Information
Any difference that makes a difference (Bateson).
Experience
The process of going through mental of physical states.
Design
The process of creation of tools and situations that arouse potentially iterative user experiences.
Experience Design
The process of creation of tools and situations that arouse potentially iterative, enhanced and memorable user experiences.
Interaction design
“Interaction design is about shaping our everyday life through digital artifacts – for work, for play, and for entertainment” (Gillian Crampton Smith)
Interaction = mutual or reciprocal action or influence. Dialogue between people and/or artifacts – digital, physical, or systematic – and that dialogue is also behavioral, as it is frequently nonspoken and implicit.
Interaction design seeks to establish a dialogue between products, people and physical, cultural and historical contexts.
Interface
Place of interaction.
Design anthropology
L’antropologia del design si pone l’obiettivo di studiare credenze, valori, abitudini, comportamenti in cui si articola la relazione dei soggetti con artefatti, prodotti e servizi, così come continuamente rinegoziata all’interno dei complessi insiemi e contesti socio-culturali di produzione e consumo produttivo.
Design anthropology is an interdisciplinary field that seeks to understand the role of design artifacts and processes in defining what it means to be human. (Dori Tunstall, http://www.adobe.com/designcenter/thinktank/tt_tunstall.html)
Culture
Assembled codes and artifacts always susceptible to critical and creative recombination (Clifford, 1988:12).
Dynamic ensemble, composed of multiple, polyphonic, dissonant shared schematic experiences.
Marketing
Il marketing è la somma degli strumenti attraverso cui si sondano i territori collettivi della cultura alla ricerca di significati culturali che abbiano la potenzialità per essere trasformati, attraverso le reti in esperienze (…) acquistabili al emrcato. (Jeremy Rifkin)
Emergent design
The practice of letting the design emerge from an interaction with the client.
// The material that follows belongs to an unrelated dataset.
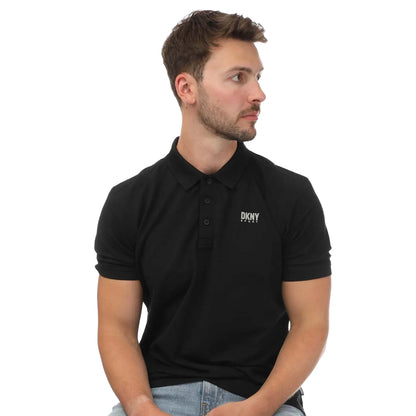 Black - Side - DKNY Unisex Adult Tonal Logo Polo Shirt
The outcome is determined by the interplay between the understanding and goals of the client, the expertise, experience, and aesthetics of the architect, and the environmental and situational constraints of the design space. (David Cavallo, http://www.research.ibm.com/journal/sj/393/part2/cavallo.html)
Semiotics
In A Theory of Semiotics, Umberto Eco (1976) defines semiotics as “the discipline studying everything, which can be used in order to lie.” Eco continues, “Semiotics is concerned with everything that can be taken as a sign. A sign is everything which can be taken as significantly substituting for something else.”
Emotions
Lazarus, 1991: Emotions are organized psychophysiological reactions to news about ongoing relationships with the environment.
Ekman, 1992: Each emotion has unique features: signal, physiology, and antecedent events. Each emotion also has characteristics in common with other emotions: rapid onset, short duration, unbidden occurrence, automatic appraisal, and coherence among responses. (Oatley, 2006: 28)
Mathetics
“Why is there no word in Engish for the art or learning? Webster says that the word pedagogy means the art of teaching. What is missing is the parallel word for learning.” “I would use the noun mathetics for a course on the art of learning.” “My mathetic point is simply that spending relaxed time with a problem leads to getting to know it, and through this, to improving one’s ability to deal with other problems like it. It is not using the rule that solves the problem; it is thinking about the problem that fosters learning” (Papert, 1994).
Point of view
In literature and storytelling, a point of view is the related experience of the narrator, not that of the author.
Brand
The brand can be considered as a semiotic engine, a producer of meaning, that lives inside a product or a service and that animates that product or service (Fiorani, 2006).
Politics
Distribution and use of natural and human resources.
Yoga
A way to inhabit your body so that movement becomes meditation (Wishner, 2004).